» WORK REQUEST: After locating the line that contains "361 Children's Shoes, Kids'", quote it and all lines after it through the end of the entries, and nothing more. Pictures stay out.

» EXTRACTED DATA:
((
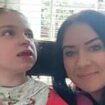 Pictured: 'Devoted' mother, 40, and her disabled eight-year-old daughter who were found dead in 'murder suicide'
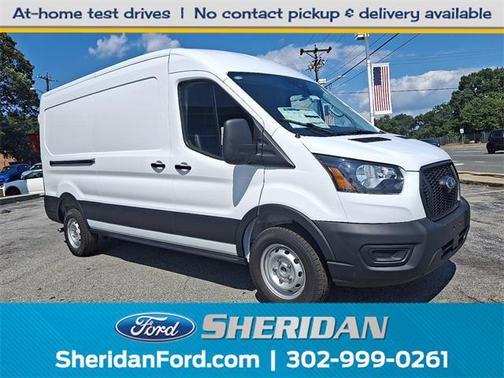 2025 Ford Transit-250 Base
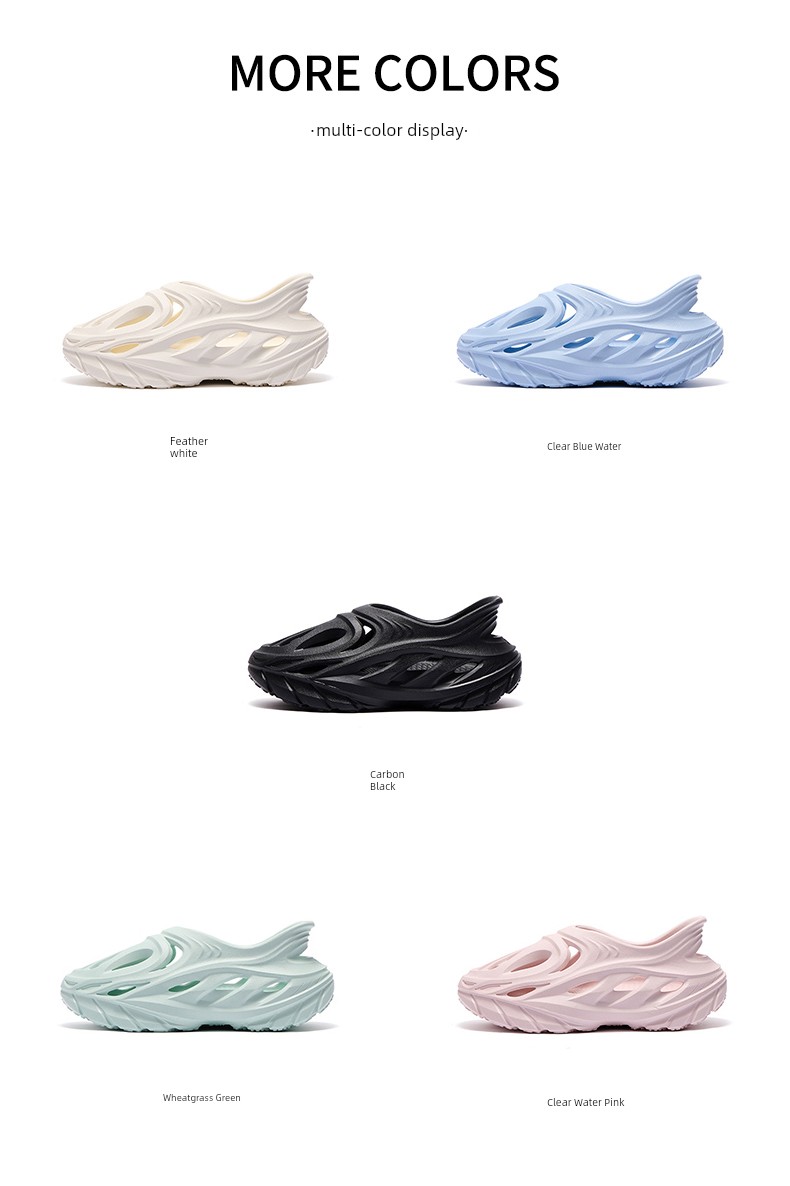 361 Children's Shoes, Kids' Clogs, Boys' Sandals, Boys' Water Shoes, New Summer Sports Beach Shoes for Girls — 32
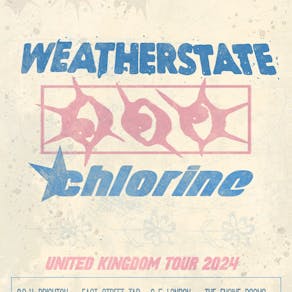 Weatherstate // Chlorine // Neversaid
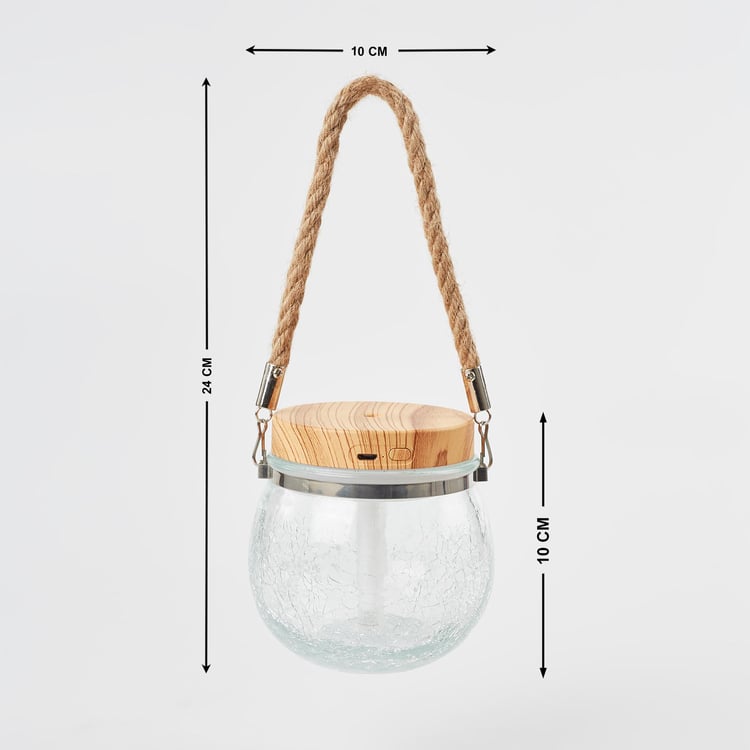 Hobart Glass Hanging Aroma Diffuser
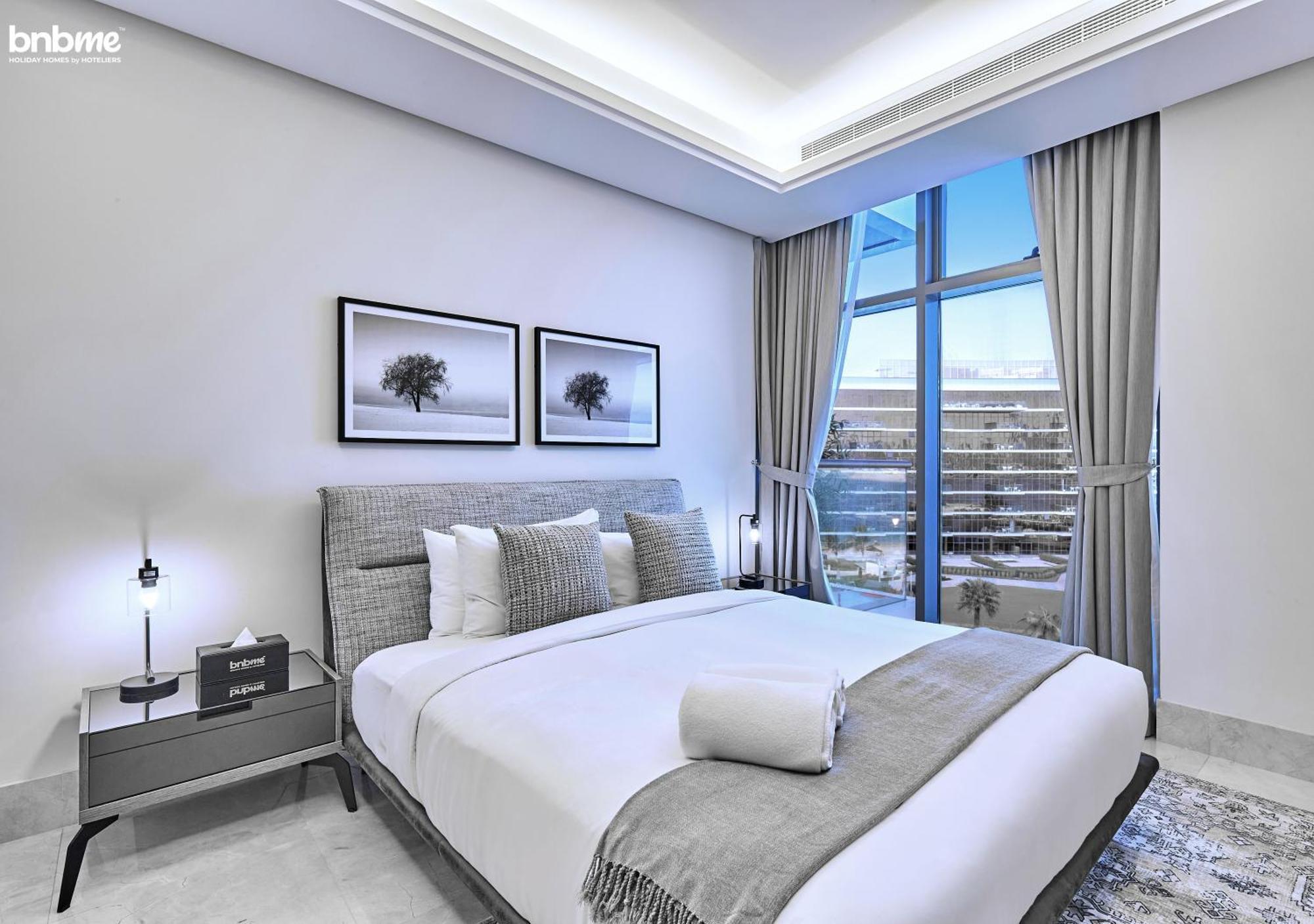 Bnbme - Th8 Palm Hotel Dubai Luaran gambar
))
» SOLUTION FOR THIS EXERCISE:
 361 Children's Shoes, Kids' Clogs, Boys' Sandals, Boys' Water Shoes, New Summer Sports Beach Shoes for Girls — 32
 Weatherstate // Chlorine // Neversaid
 Hobart Glass Hanging Aroma Diffuser
 Bnbme - Th8 Palm Hotel Dubai Luaran gambar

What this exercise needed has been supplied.